願いが一つ叶うなら、
蒸し暑い夜だった。
涼むために夜の散歩としようと、二人で庭へ下りたが、歩いているとじっとりと額から汗が流れた。
「……見てください、姫様! 空がとてもきれいですよ!」
先を行く秋房が、ふと空を見上げて、嬉しそうに振り返った。その耳たぶを、手を持ち上げ軽く引っ張りながら、
「秋房、敬語」
「あ、ああ! すいません、すいません!」
強く引っ張ったつもりではないのに、秋房はいつも大げさだ。そう思うと腹を立てたことも馬鹿馬鹿しくなって、詞紀は笑みをこぼした。
それから顎を上げて、秋房が指差した空を見ると、星の河とはよく云ったもので、流れるように数えきれない星が瞬いている。
「どれが織女で、どれが彦星かしら」
大陸から伝わる物語は、季封のような山深い場所にまで浸透している。というか、人は皆美しい物語が好きなのだ。一人が知れば誰かに教えたいと思うのは、万人が共通しているのだろう。
「今日は晴れているから会えるけど、雨が降ると逢瀬はまた一年延ばされるんですよね」
夫婦となったのに敬語はなかなか直らないけど、今夜は空で二人の男女が会えた幸せな日なのだから、今は訂正せずに星空を見上げていた。
「でも、一年に一度しか会えないなんて悲しいわ。私はそうではなくてよかった」
呟いて、秋房の腕を捕らえて、自分の側へ引き寄せた。息遣いも聞こえる、こんなに近い距離で毎日いっしょに過ごせるのだから、天女でなくてよかったと思う。
終わらないと信じていた二人の冬は明けて、春を終え、こうして夏を迎えている。これから冬は悲しいものではなく、愛する人と過ごす季節の一つになることがとても嬉しかった。

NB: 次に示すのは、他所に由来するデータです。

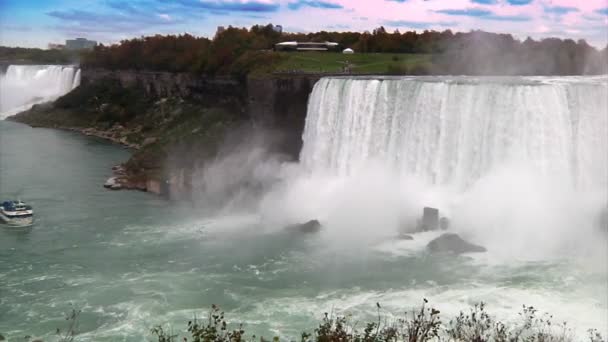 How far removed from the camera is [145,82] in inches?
1807

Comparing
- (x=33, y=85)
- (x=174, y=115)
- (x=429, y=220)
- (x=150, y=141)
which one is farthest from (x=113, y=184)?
(x=33, y=85)

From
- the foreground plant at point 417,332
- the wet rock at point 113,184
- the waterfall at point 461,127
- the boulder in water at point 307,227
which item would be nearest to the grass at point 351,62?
the waterfall at point 461,127

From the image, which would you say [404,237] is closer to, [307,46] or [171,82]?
[307,46]

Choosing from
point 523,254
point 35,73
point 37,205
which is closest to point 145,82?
point 35,73

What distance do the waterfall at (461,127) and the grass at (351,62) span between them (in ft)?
28.0

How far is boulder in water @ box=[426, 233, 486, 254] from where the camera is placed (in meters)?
17.1

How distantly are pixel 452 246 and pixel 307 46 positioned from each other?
95.2 feet

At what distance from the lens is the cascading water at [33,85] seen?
54531mm

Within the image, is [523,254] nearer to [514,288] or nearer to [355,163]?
[514,288]

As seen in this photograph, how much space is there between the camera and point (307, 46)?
43.9 meters

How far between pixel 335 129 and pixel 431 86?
14.9 ft

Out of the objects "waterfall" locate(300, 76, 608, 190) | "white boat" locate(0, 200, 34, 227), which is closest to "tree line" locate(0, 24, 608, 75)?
"waterfall" locate(300, 76, 608, 190)

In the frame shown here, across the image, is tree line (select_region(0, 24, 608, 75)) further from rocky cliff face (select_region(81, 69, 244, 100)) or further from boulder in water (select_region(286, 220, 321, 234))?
boulder in water (select_region(286, 220, 321, 234))

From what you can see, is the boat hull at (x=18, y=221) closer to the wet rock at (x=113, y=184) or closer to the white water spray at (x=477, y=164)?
the wet rock at (x=113, y=184) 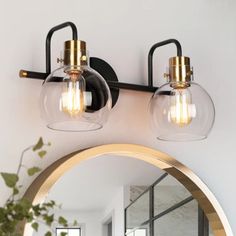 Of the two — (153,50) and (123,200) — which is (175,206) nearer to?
(123,200)

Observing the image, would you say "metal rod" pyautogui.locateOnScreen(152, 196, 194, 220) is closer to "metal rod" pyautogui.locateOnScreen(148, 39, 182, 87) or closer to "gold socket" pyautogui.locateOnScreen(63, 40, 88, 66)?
"metal rod" pyautogui.locateOnScreen(148, 39, 182, 87)

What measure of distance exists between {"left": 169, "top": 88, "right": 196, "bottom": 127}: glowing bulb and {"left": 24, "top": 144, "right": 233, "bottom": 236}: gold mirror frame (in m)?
0.13

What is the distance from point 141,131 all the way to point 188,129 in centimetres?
15

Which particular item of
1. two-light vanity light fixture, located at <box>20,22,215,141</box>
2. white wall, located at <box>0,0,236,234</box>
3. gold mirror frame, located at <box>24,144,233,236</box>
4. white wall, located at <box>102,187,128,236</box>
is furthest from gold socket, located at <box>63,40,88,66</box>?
white wall, located at <box>102,187,128,236</box>

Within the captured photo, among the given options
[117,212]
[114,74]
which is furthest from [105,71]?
[117,212]

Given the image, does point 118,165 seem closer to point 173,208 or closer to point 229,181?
point 173,208

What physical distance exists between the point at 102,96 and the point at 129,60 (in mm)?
251

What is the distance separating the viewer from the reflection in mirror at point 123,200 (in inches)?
64.3

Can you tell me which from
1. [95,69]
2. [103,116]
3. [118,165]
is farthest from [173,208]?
[95,69]

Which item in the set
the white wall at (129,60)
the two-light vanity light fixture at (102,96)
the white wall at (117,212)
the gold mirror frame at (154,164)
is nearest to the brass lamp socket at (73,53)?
the two-light vanity light fixture at (102,96)

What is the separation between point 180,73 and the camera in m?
1.70

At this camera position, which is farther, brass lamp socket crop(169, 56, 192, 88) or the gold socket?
brass lamp socket crop(169, 56, 192, 88)

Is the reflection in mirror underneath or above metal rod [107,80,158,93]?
underneath

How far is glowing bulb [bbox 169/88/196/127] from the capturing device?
66.9 inches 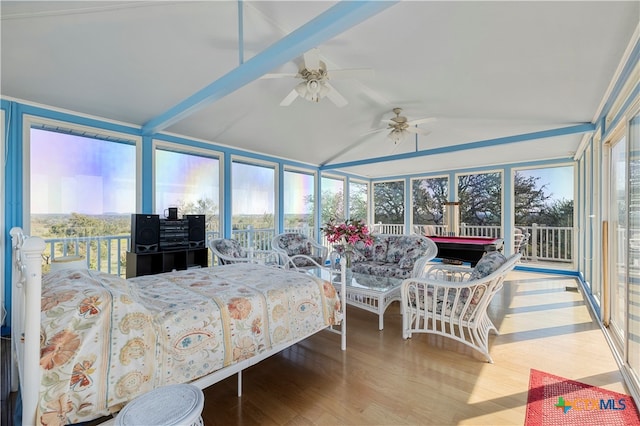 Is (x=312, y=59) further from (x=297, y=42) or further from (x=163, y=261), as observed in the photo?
(x=163, y=261)

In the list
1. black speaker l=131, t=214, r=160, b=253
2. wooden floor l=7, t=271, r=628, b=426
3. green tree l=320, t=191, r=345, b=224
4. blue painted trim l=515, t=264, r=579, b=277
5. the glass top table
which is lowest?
wooden floor l=7, t=271, r=628, b=426

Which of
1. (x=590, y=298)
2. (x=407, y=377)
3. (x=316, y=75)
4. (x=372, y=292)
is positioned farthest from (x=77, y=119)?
(x=590, y=298)

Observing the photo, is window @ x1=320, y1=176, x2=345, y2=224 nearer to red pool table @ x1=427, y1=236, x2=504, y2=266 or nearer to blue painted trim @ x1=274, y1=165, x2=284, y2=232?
blue painted trim @ x1=274, y1=165, x2=284, y2=232

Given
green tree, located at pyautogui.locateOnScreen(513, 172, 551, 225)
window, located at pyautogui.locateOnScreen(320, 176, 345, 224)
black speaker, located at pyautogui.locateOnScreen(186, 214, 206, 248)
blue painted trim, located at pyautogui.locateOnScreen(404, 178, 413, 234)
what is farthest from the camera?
blue painted trim, located at pyautogui.locateOnScreen(404, 178, 413, 234)

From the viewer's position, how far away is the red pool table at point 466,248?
5.03 m

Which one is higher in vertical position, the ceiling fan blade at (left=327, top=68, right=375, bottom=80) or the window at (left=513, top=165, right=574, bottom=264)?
the ceiling fan blade at (left=327, top=68, right=375, bottom=80)

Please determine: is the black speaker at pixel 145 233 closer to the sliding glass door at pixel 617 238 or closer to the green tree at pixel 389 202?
the sliding glass door at pixel 617 238

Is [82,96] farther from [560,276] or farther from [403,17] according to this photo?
[560,276]

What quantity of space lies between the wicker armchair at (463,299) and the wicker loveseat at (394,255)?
0.79 metres

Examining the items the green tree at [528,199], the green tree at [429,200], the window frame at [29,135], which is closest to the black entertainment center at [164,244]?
the window frame at [29,135]

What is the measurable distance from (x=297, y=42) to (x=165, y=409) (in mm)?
2072

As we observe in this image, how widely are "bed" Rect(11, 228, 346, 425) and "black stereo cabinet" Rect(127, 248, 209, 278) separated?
167 cm

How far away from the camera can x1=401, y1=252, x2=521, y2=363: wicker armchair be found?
2.40 meters

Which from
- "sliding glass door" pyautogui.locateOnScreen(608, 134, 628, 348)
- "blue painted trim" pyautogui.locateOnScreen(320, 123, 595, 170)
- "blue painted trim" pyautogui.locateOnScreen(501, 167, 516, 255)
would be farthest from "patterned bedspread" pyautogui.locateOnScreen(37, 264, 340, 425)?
"blue painted trim" pyautogui.locateOnScreen(501, 167, 516, 255) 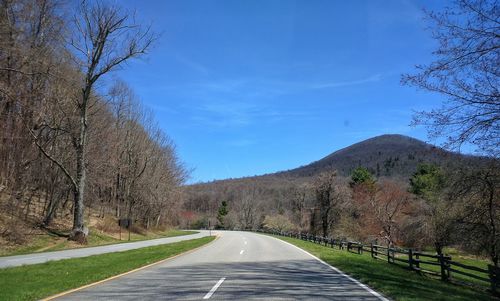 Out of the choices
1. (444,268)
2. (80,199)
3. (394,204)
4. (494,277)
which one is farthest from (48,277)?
(394,204)

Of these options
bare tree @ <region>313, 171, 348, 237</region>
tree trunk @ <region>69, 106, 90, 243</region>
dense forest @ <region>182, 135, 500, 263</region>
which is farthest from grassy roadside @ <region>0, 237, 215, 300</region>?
bare tree @ <region>313, 171, 348, 237</region>

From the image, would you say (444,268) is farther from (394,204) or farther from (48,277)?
(394,204)

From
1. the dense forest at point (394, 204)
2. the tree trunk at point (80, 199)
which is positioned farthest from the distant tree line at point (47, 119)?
the dense forest at point (394, 204)

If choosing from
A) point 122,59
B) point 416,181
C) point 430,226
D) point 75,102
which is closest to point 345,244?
point 430,226

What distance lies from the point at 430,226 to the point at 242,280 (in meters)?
34.9

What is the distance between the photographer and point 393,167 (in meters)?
159

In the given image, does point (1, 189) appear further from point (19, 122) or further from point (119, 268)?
point (119, 268)

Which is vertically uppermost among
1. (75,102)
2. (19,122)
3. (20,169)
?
(75,102)

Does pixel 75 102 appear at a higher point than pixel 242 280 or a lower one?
higher

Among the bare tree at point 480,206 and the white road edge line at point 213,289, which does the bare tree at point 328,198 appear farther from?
the white road edge line at point 213,289

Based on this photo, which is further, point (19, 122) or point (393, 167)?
point (393, 167)

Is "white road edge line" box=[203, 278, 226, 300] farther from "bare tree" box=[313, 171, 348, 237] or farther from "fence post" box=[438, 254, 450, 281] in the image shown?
"bare tree" box=[313, 171, 348, 237]

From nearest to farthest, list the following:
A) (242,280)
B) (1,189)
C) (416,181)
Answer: (242,280) < (1,189) < (416,181)

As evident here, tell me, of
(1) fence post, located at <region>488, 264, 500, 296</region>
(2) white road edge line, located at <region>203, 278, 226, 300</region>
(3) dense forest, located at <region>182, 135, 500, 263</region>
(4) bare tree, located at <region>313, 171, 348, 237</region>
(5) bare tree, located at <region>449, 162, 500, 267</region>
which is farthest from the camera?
(4) bare tree, located at <region>313, 171, 348, 237</region> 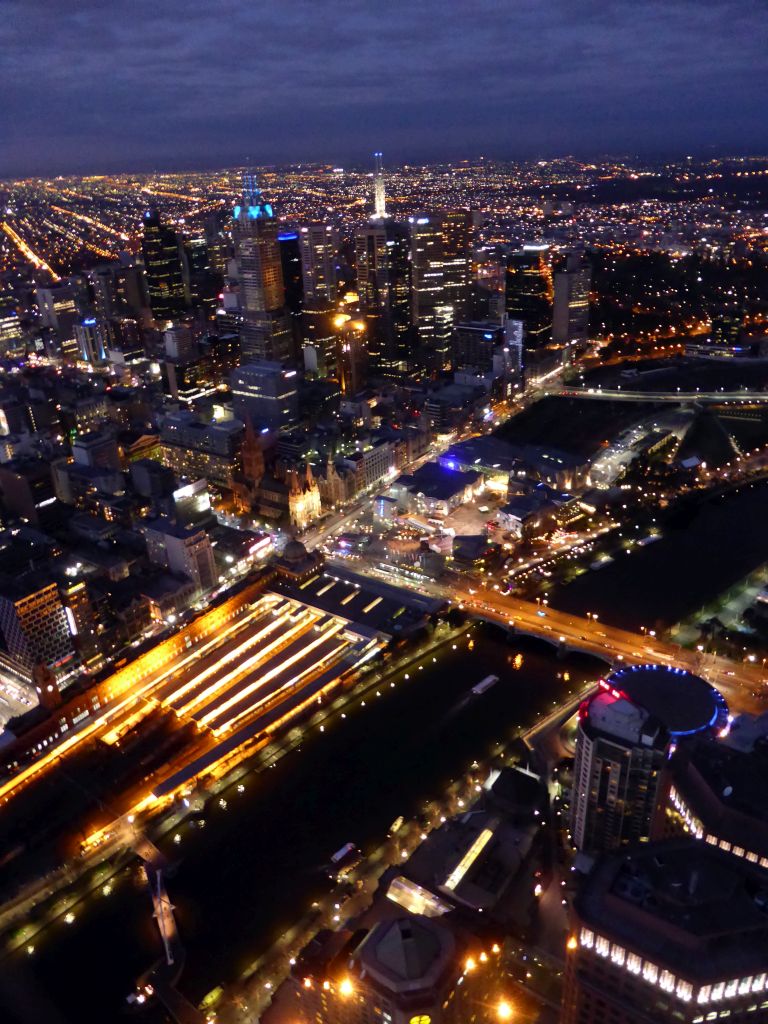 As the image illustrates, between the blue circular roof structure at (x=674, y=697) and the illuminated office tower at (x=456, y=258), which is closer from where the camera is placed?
the blue circular roof structure at (x=674, y=697)

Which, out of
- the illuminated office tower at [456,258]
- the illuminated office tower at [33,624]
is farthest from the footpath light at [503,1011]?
the illuminated office tower at [456,258]

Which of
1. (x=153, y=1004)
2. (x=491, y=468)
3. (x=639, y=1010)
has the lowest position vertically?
(x=153, y=1004)

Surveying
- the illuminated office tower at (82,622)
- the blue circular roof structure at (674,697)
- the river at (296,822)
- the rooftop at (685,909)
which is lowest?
the river at (296,822)

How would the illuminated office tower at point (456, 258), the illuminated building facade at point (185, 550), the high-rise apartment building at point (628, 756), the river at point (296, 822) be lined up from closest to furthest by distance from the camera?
the high-rise apartment building at point (628, 756) → the river at point (296, 822) → the illuminated building facade at point (185, 550) → the illuminated office tower at point (456, 258)

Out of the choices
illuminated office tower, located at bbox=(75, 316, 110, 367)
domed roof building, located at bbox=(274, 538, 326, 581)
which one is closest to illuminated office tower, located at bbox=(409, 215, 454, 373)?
illuminated office tower, located at bbox=(75, 316, 110, 367)

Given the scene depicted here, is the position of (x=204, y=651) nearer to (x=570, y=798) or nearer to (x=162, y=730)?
(x=162, y=730)

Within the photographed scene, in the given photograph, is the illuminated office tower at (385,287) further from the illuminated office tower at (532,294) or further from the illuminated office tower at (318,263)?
→ the illuminated office tower at (532,294)

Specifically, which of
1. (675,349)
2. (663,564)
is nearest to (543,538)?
(663,564) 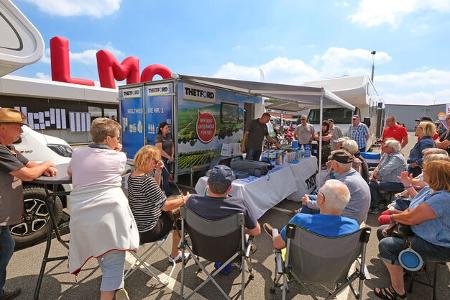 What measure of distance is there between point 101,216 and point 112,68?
14.5 m

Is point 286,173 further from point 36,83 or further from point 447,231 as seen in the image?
point 36,83

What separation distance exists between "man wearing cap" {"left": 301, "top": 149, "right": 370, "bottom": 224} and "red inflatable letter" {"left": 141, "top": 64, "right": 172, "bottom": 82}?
1394 centimetres

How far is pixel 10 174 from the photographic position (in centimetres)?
196

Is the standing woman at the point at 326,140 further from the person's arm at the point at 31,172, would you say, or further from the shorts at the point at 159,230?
the person's arm at the point at 31,172

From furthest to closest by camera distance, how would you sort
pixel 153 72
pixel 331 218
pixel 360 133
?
pixel 153 72
pixel 360 133
pixel 331 218

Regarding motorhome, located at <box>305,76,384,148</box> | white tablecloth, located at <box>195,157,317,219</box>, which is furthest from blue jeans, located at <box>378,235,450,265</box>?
motorhome, located at <box>305,76,384,148</box>

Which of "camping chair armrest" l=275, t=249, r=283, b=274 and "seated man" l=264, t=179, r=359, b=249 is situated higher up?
"seated man" l=264, t=179, r=359, b=249

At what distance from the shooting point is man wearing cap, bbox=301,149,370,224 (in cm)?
263

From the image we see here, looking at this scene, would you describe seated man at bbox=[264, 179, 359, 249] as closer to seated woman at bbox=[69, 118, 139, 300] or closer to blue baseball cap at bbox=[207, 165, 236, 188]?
blue baseball cap at bbox=[207, 165, 236, 188]

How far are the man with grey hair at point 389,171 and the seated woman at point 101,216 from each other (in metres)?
4.14

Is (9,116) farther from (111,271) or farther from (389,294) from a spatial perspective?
(389,294)

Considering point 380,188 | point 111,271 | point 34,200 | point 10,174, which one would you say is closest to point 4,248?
point 10,174

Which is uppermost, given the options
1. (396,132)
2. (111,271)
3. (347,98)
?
(347,98)

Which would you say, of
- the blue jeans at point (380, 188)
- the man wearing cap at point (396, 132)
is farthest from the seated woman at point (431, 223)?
the man wearing cap at point (396, 132) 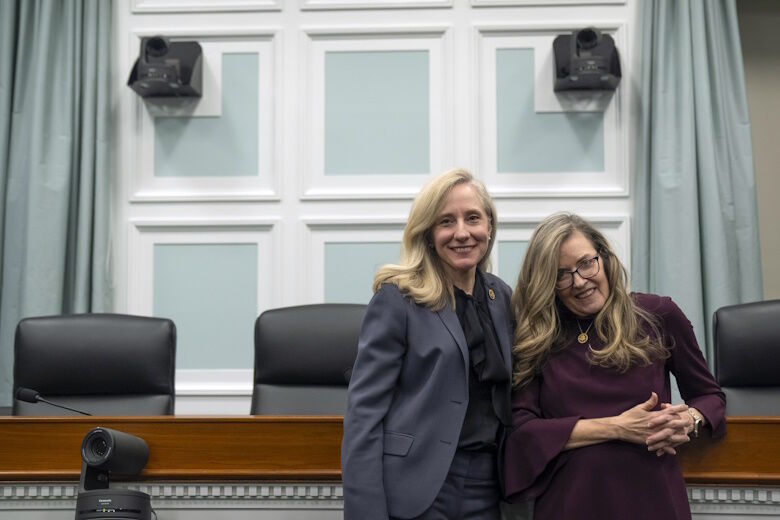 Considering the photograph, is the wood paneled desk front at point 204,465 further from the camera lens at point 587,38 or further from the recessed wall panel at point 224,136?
the camera lens at point 587,38

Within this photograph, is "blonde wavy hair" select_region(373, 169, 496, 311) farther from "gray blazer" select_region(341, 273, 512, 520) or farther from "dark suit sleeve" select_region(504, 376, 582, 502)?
"dark suit sleeve" select_region(504, 376, 582, 502)

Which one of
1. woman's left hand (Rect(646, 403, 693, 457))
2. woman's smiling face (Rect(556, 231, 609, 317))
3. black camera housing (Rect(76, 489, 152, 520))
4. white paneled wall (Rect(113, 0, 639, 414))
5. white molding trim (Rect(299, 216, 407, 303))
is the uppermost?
white paneled wall (Rect(113, 0, 639, 414))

「……詞紀は、一年に一つ、願いが叶うとしたら何を願う?」
いっしょに空を見上げていた秋房が、その姿のまま独り言のように聞いた。
「一つ? というと、難しいわ。私はわがままな人間なのかしら」
「詞紀はそれでいいよ」
秋房が顔をこちらへと向けた。やさしい笑みだった。胸の奥が一つ高鳴った。
「詞紀はそれでいい。俺の一つの願いは、詞紀がずっと笑っていられることだから。そのために、なんでもする」
思わず彼の腕に添えた手に、力が入った。
秋房は昔からそうだった。やさしくて、詞紀のために自分を犠牲にする。他人から愛されることはとても嬉しいけれど、それに甘んじてしまいそうで、詞紀はとても怖い。
「……だったら、まずは」
涙でかすれそうな声を絞り出して、何事もないように笑って答えた。
「二人の時は敬語をやめて、それからちゃんと名前で呼んでくれるところから始めなくちゃ」
「……っあぅ……す、すみません」
秋房は見るからに肩を落として呟いた。詞紀は、嬉し涙が浮かんだのを忘れるように、声を上げて笑った。
守ってくれることは嬉しいけれど、夫婦の契りを交わした後は、対等の立場でいたい。この幸せを守ってくれる秋房を、支えられるようになりたい。
そう願いながら再び空へ視線を上げた時、ひときわ強く輝く星が視界に入った。それが織女星だと、確かに感じた。